Sufetula polystrialis

Scientific classification
- Kingdom: Animalia
- Phylum: Arthropoda
- Clade: Pancrustacea
- Class: Insecta
- Order: Lepidoptera
- Family: Crambidae
- Genus: Sufetula
- Species: S. polystrialis
- Binomial name: Sufetula polystrialis Hampson, 1912

= Sufetula polystrialis =

- Authority: Hampson, 1912

Species of moth

Sufetula polystrialis is a moth in the family Crambidae. It was described by George Hampson in 1912. It is found on the Louisiade Islands.

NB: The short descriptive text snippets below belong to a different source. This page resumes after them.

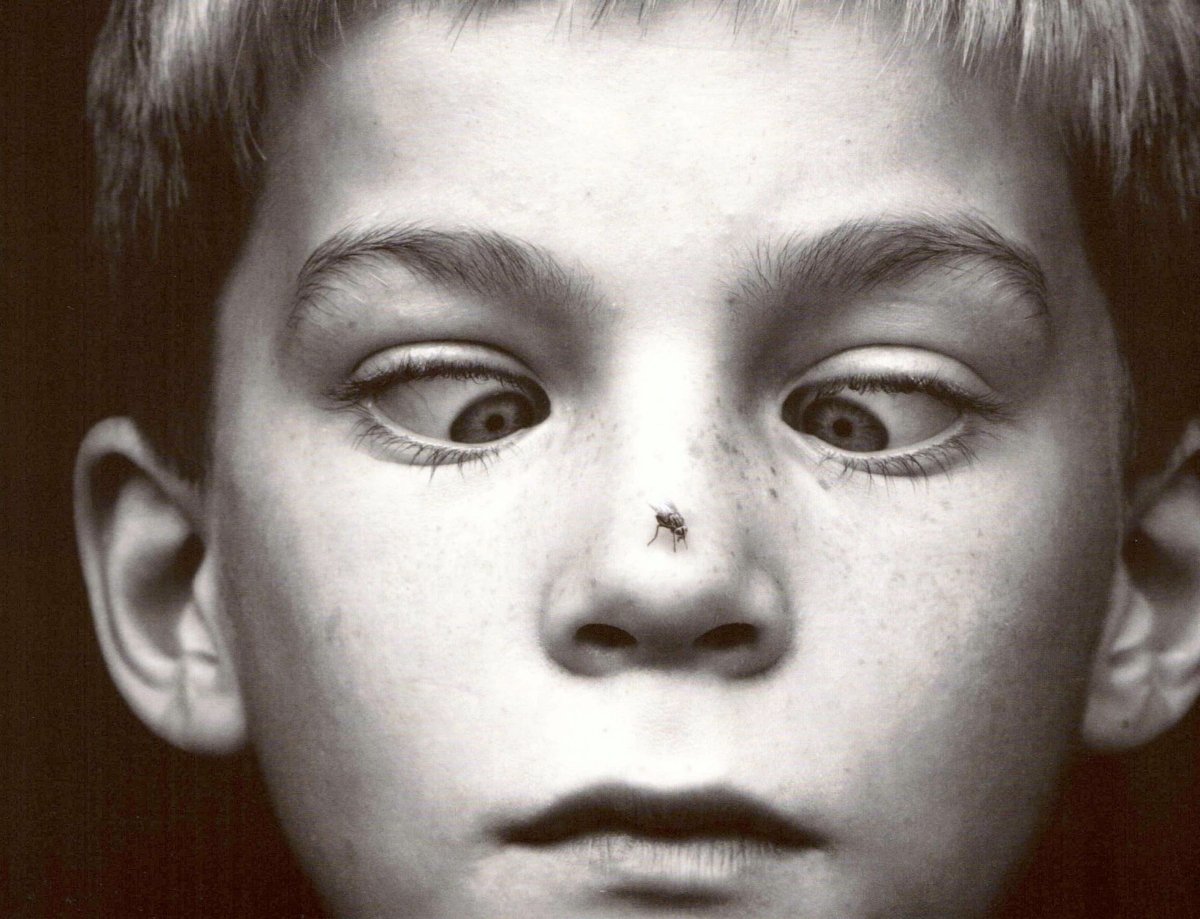 Geburtstagskarte - Schwarz - Weiß Kinderportrait mit Spaß & Scherz, Vintage Humor Postkarte, Unisex Geschenk für Erwachsene & Jugendliche, Sammlerstück Fotokunst im Minimalismus - Stil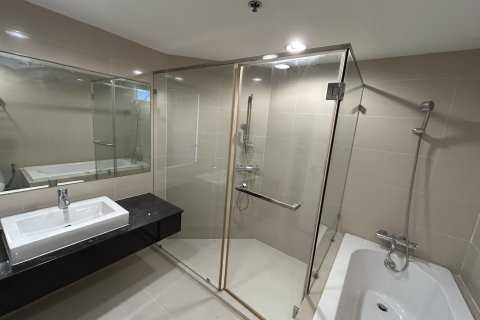 Condominio de 2 dormitorios en Huai Khwang, Bangkok, Tailandia № 147735 - foto 19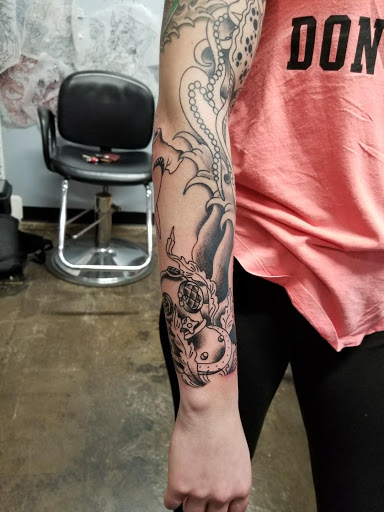 Tattoo Shop «Art With Heart Tattoo», reviews and photos, 10283 E Iliff Ave, Denver, CO 80247, USA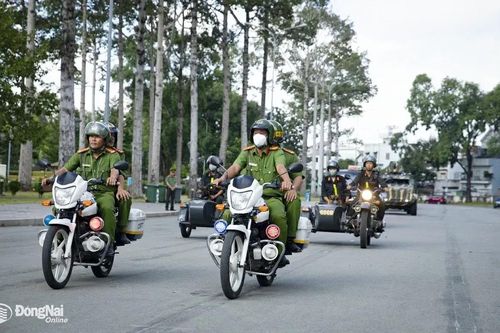 Đảng lãnh đạo tuyệt đối, trực tiếp về mọi mặt đối với quân đội và công an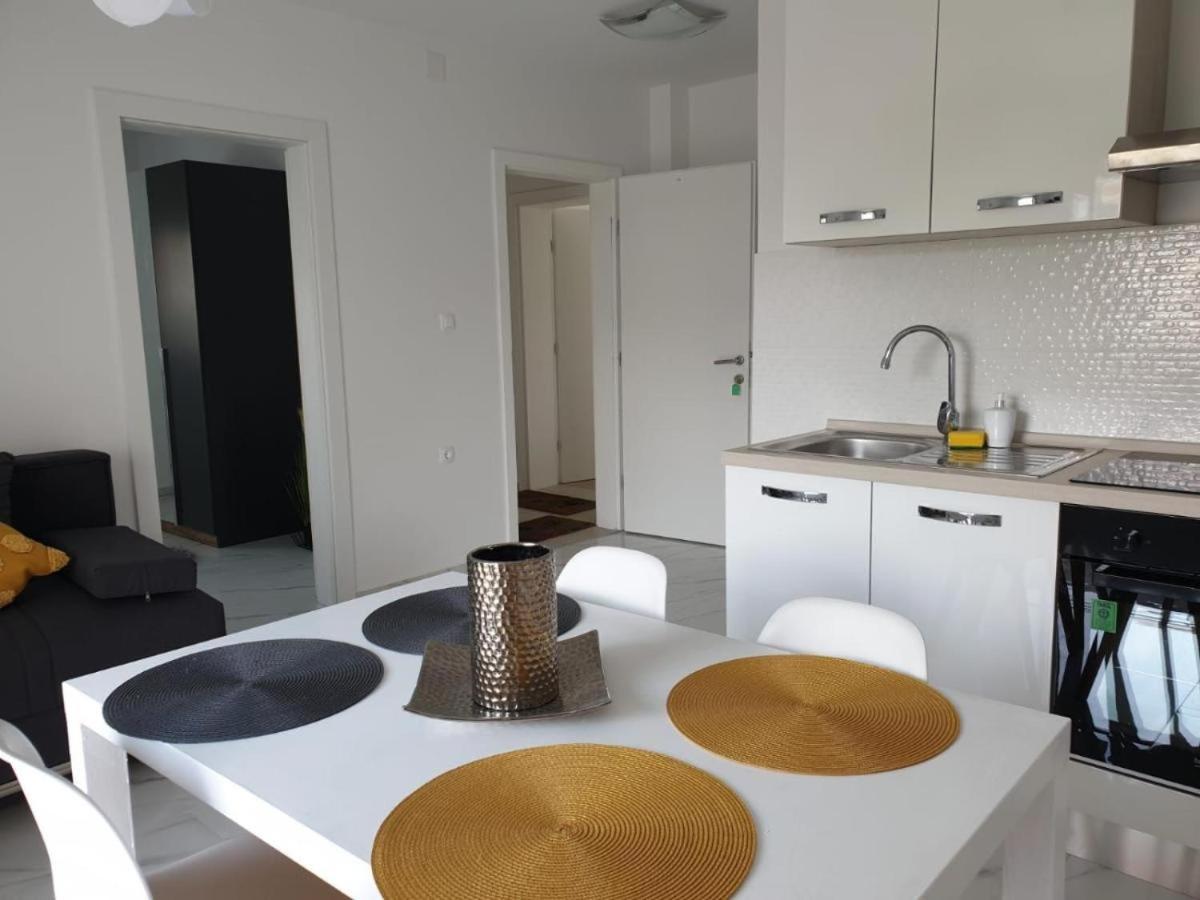 Premium Apartments Adore Novaglia Esterno foto
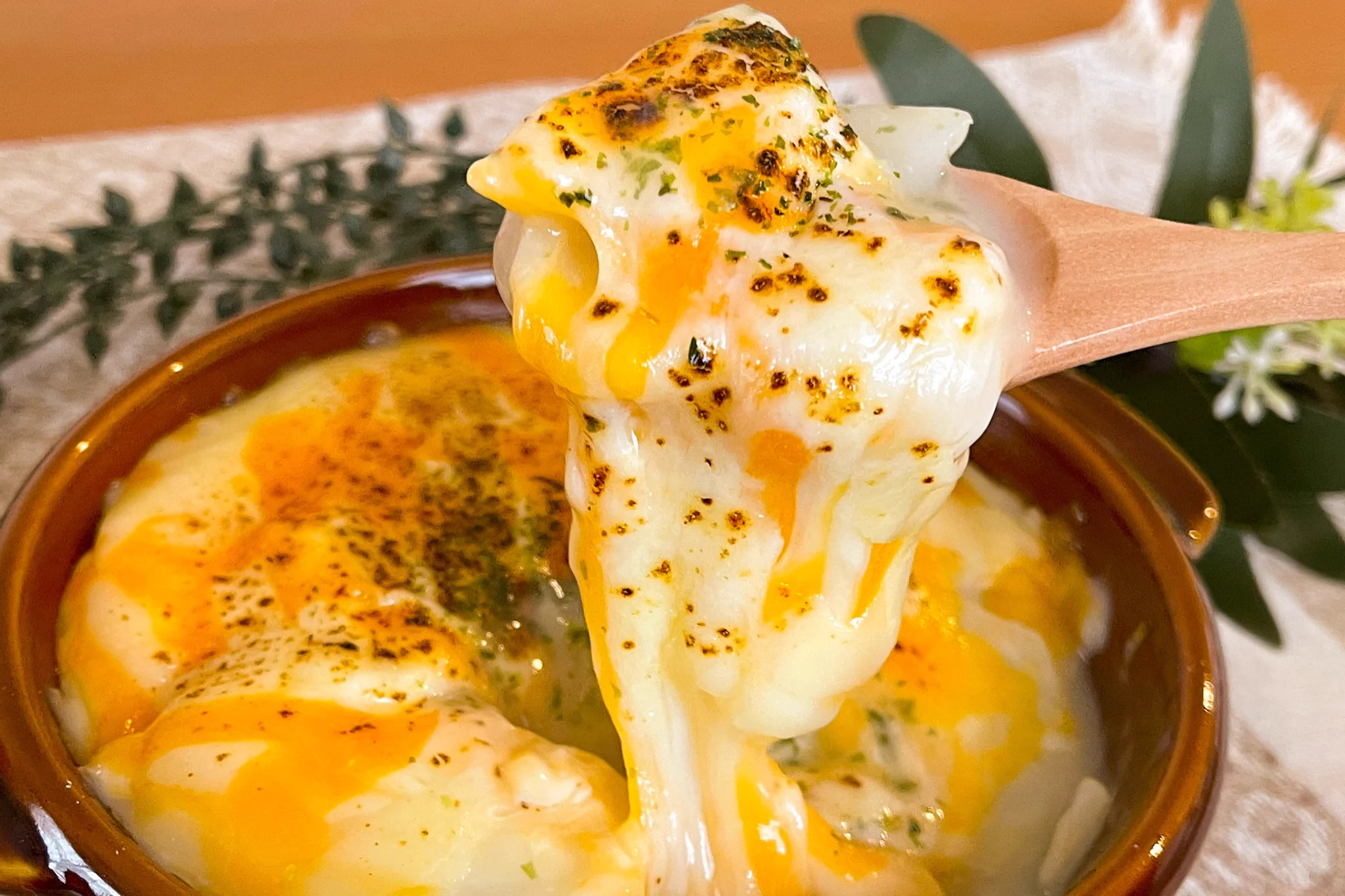 もうフライパンは使わない！？電子レンジで簡単「ほくほくポテトグラタン」。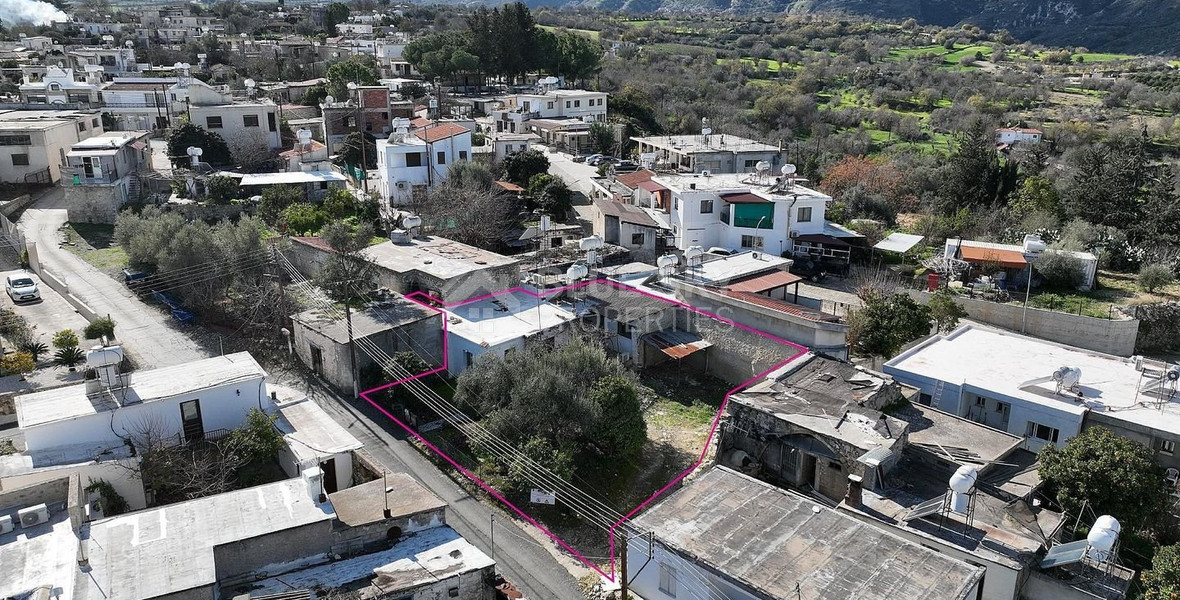 Three plots with stone-built house in Giolou, Paphos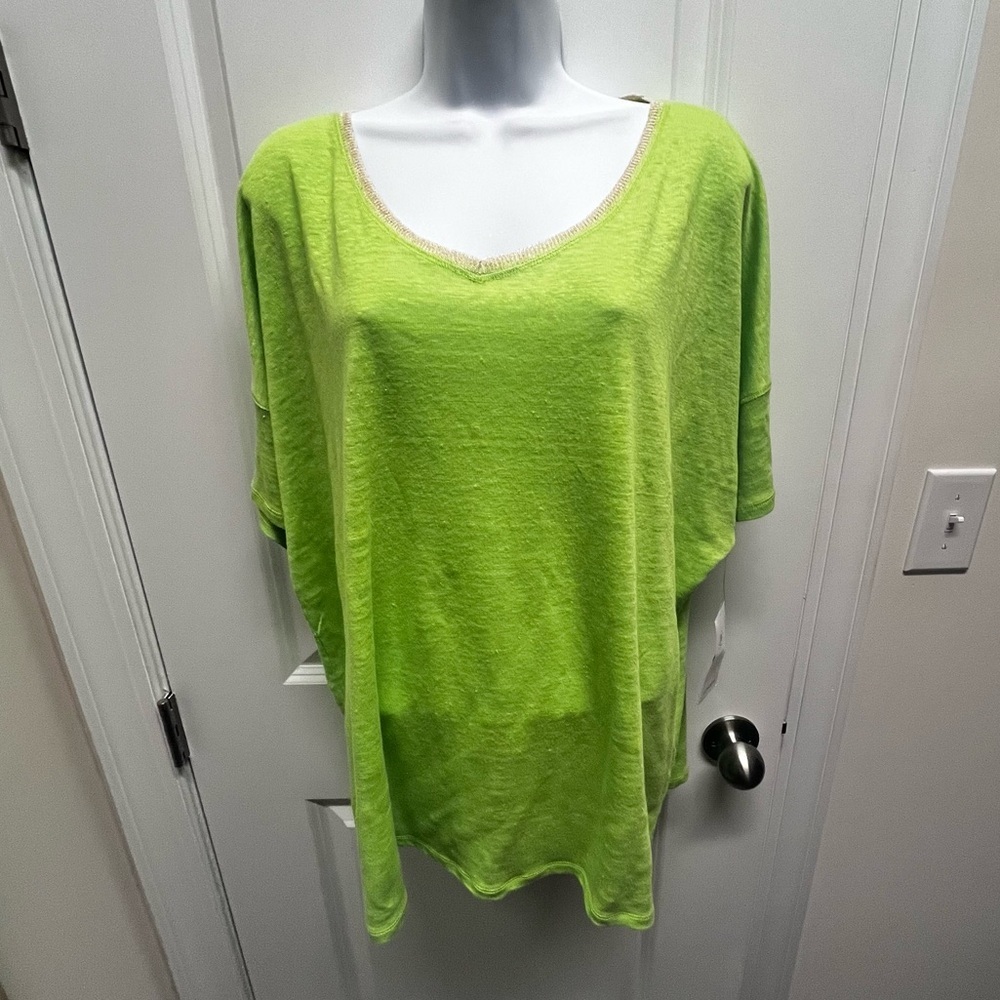 Chico‘s linen top sweater,gold trim collar. linen, Fresh Pear color. S/S  XL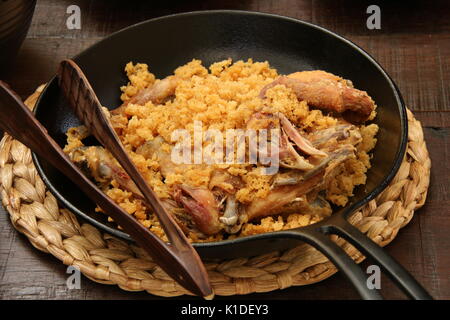 Ayam goreng kremes, le populaire plat de poulet frit de yogyakarta Banque D'Images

The wingspan is 18–20 mm. The forewings are ochreous white tinged and irrorated with brown, the costal area suffused with brown. There is a short brown streak on the base of the median nervure and an oblique whitish subbasal striga from the costa with a slight blackish streak below the costa from it to the antemedial line, which is whitish, oblique and defined by a black line on the outer side from the costa to the submedian fold, then bent inwards to the base of the inner margin and defined by a brown fascia above. The medial part of the costa has two whitish semicircular marks, a small black discoidal spot and whitish streaks with diffused dark streaks between them on veins 7, 6, 5 and 4 to the postmedial line, which is whitish defined by a black line on the inner side, expanding at the costa. There is a triangular patch of blackish suffusion beyond it at the costa and some fuscous and brown suffusion below its retracted portion. There is a very oblique white streak defined on each side by brown from the submedian fold beyond the middle to the middle of the inner margin, as well as a black subterminal line. The hindwings are ochreous white, tinged and irrorated with brown. There is an oblique diffused blackish medial line defined by white on the outer side on the inner area, as well as a very oblique white postmedial line defined on the inner side by a black line and on the outer by dark suffusion. There is a black subterminal line defined by white on the inner side.